SSHDs are dead, long live hard drives using NAND for smarter purposes
Lately (actually for several years now) we’ve seldom had news about hard disks. An opportunity to write about a new innovation in this area has come now though. Western Digital has introduced OptiNAND technology, which improves the performance of mechanical drives by integrating NAND Flash memory – but not in the way of SSHDs, which only used it for caching. OptiNAND serves other purposes, and it could be much more useful.
OptiNAND involves adding flash storage to the PCB of the electronics drive using the standard UFS interface solution, otherwise used as storage in mobile devices (WD has branded it iNAND). Unlike earlier SSHDs however, it is not user data that is stored in this memory, but rather metadata. This allows WD to get more usable capacity on the platters themselves, but to also improve performance and, supposedly, reliability. While SSHDs have only tried (not very successfully, to be sure) to replace system SSDs in a computer, OptiNAND uses NAND to improve the function HDDs are primarily designed for, which is storing large amounts of data.

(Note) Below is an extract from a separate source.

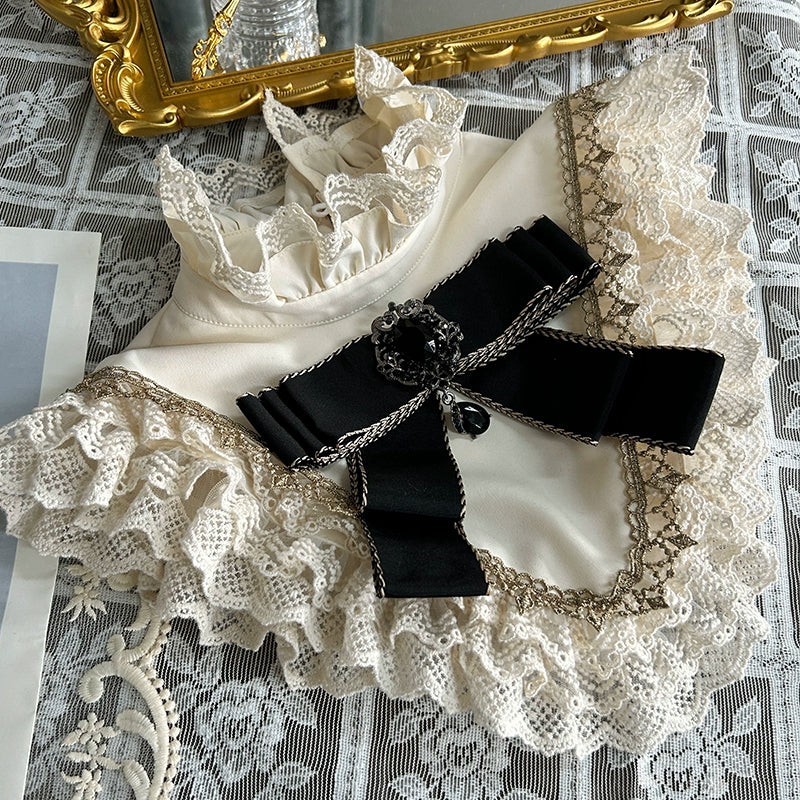 LizBird~Reincarnated Clock~Vintage Lolita OP Dress Set Lolita Bloomers Lace ruffle faux collar (with bow brooch)  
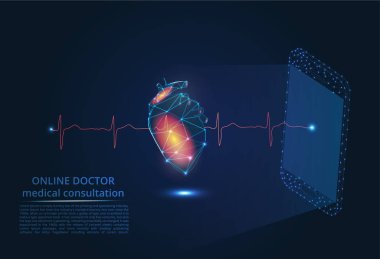 Online doktor. Sağlıklı bir kalp soyut bir görüntü. Medetzin yenilikçi teknolojileri. Kalp atım, nabız, sağlıklı bir kalp. Çizgiler ve şekiller ile parlayan bir perde şeklinde bir cep telefonu.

In the next generation of drives using OptiNAND technology, Western Digital will increase the density of tracks on the platter, which, incidentally, will also require the use of a three-stage control of the position of the read/write heads (the actuator of the head itself, an electronic middle stage that twists the beam to more precisely adjusts the required angle, and a miniaturized version of the same mechanism at the tip, which furhter corrects the position of the head itself).
However, large part of this increase in capacity will be achieved by eliminating the metadata that today must be stored in the tracks themselves. You may remember from earlier times that reducing the amount of extra metadata was already the reason for introducing 4KB sectors, thus saving on overhead for sector start signalling and ECC. However, there is still a lot of metadata stored on the platters, including various calibration information needed for the operation of the HDD, which is a technologically very complex and delicate device. For example, the so-called Repeatable Run Out (RRO) information, which is loaded onto the drive during factory calibration and reaches gigabytes in size.

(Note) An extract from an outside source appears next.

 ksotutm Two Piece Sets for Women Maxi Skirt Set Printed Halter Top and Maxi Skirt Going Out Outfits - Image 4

Moving this and other metadata to NAND, on the other hand, saves space in the tracks themselves, so the platter can hold more user data even with the technology unchanged and data density maintained. In addition, the work of the mechanical part of the drive should be simplified, whereby it will not be necessary to read the stored metadata first during the actual read and write operations, since the drive firmware/electronics will take it independently from the built-in UFS flash storage.
Track refresh bottleneck
Moving the metadata to the NAND storage space itself is intended to enable one more improvement. HDD technology must ensure that the magnetic recording to one track does not cause interference to data already written to neighbouring tracks. To be more precise, this inevitably happens, so the drive’s electronics must occasionally read the already written data and write it again if the adjacent tracks have been changed multiple times and their magnetization repeatedly weakens the signal level of the track in question (a similar mechanism to the RowHammer attack in DRAM – incidentally, NAND suffers from this as well, so there’s no escaping this through switching to an SSD).
As mentioned, HDDs can handle this phenomenon and periodically read and rewrite tracks to “recondition” them. The problem is that the denser the tracks are on the disk, the worse this interference is, and therefore it is necessary to refresh more often. Now it’s supposedly needed as soon asn after a single-digit number of writes to the surrounding tracks (according to WD, it’s sometimes only six writes nowadays). This is starting to be a bottleneck, though, because forcing refreshes this often already carries a significant performance hit. Drives today do these refreshes at the track level, so the entire track has to be overwritten even for very small writes going to just a few sectors.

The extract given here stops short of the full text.